This book applies to the Triple Eight Challenge (since I’ve changed my categories).

HOW THEY MET, AND OTHER STORIES is an amazing collection of stories about love by brilliant author David Levithan. Each of these stories is fantastic in its own way, but they’re all so different! Some of them are more my kind of story than others, but even in those that were not my very favorites, I could recognise awesomeness. Every one created such great characters, and was so memorable. I felt like I wanted to read an entire novel about the characters in each story. That’s my only complaint; there wasn’t enough! I’ll talk now about a few stories I really loved.

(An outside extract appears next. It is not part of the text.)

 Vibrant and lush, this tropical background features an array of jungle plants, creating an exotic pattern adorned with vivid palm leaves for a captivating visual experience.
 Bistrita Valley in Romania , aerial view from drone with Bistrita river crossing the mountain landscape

Starbucks Boy is a really fun story about a boy who is hired for a babysitting job. His charge likes to go to Starbucks (he assumes that this must be normal for a child from New York City; after all, she’s got to be more sophisticated than kids where he’s from), and there he sees the Starbucks boy. According to Gabriel, every Starbucks has one, and he’s always out of reach. Or is he? I really just adored this story, the first in the book.  This is one of the ones in particular that I wanted a whole novel out of. Seriously, David, make this one into a novel!

The Escalator, A Love Story is a lovely story about a typical high school couple. It’s just so honest and candid and wonderful. That’s all I have to say on the matter. I’ll leave you wondering. Go buy the book and read it. It comes out January 8.

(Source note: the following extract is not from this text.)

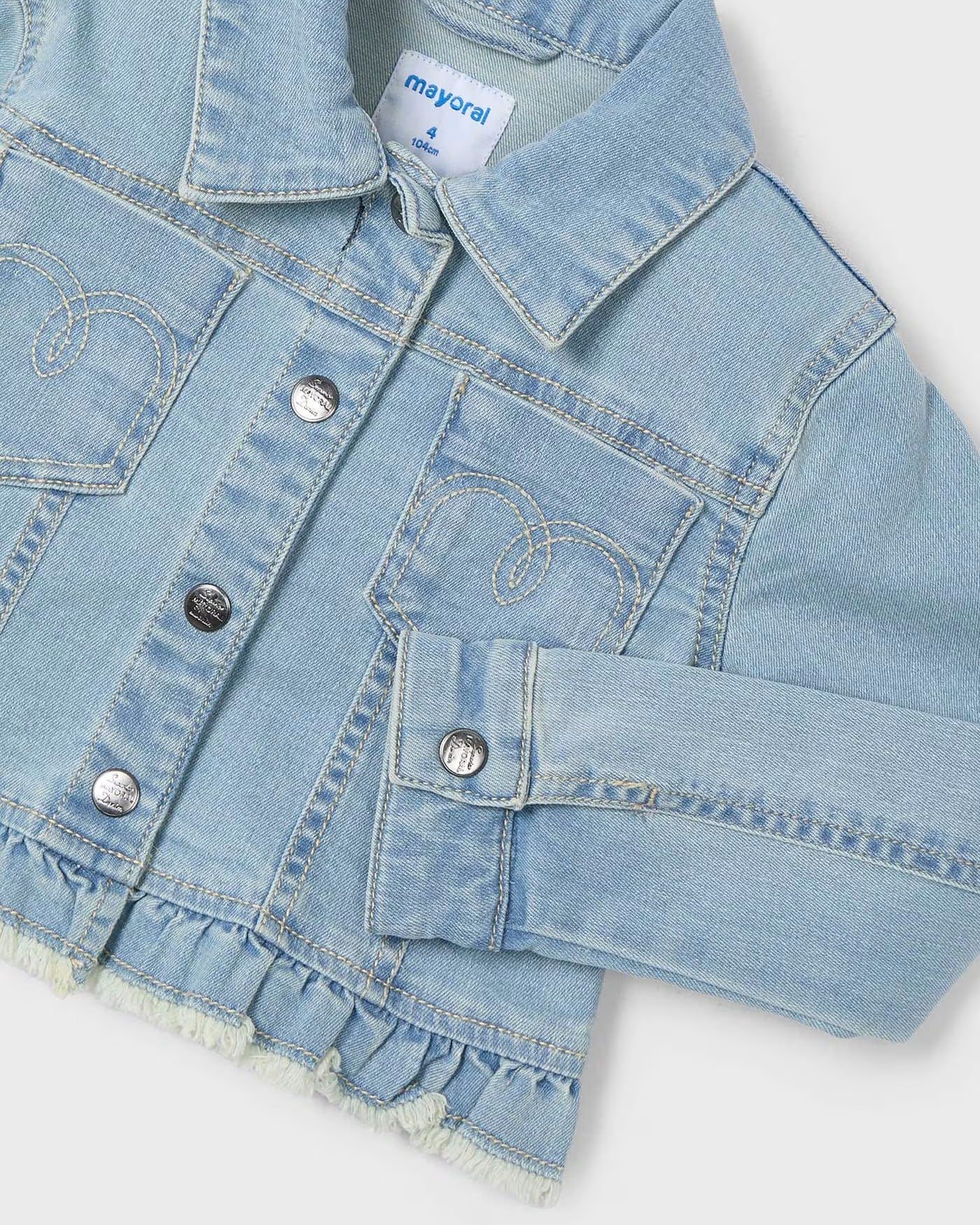 Giacca orlo volant bambina Mayoral jeans chiaro Mayoral Azzurro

The Number of People Who Meet on Airplanes is another fantastic story. It’s about a couple who meet on an airplane, as the title suggests. Totally wonderful and totally random…Right? Coincidences leading up to love is a big theme in quite a few of these stories, exemplified by the last one in this collection, Intersection (which is short, thought-provoking, and amazing).

Princes also really blew me away. It is another one that feels like it could be a novel, but, as they all are, it’s also completely wonderful on its own, without any more added to it. The characters and their relationships are amazing here.

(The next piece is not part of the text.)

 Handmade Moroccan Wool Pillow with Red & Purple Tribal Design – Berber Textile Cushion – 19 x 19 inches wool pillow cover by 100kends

I could probably gush about each and every story in the collection, even those that weren’t quite my cup of tea like  A Romantic Inclination. Even if short stories are not necessarily your thing (they aren’t really mine), I would strongly suggest you read this book about love, in so many of its different wonderful forms. Just as love is varied, these stories are all so incredibly different; what they have in common, though, is that they are spellbinding, simply brilliant, just wonderful.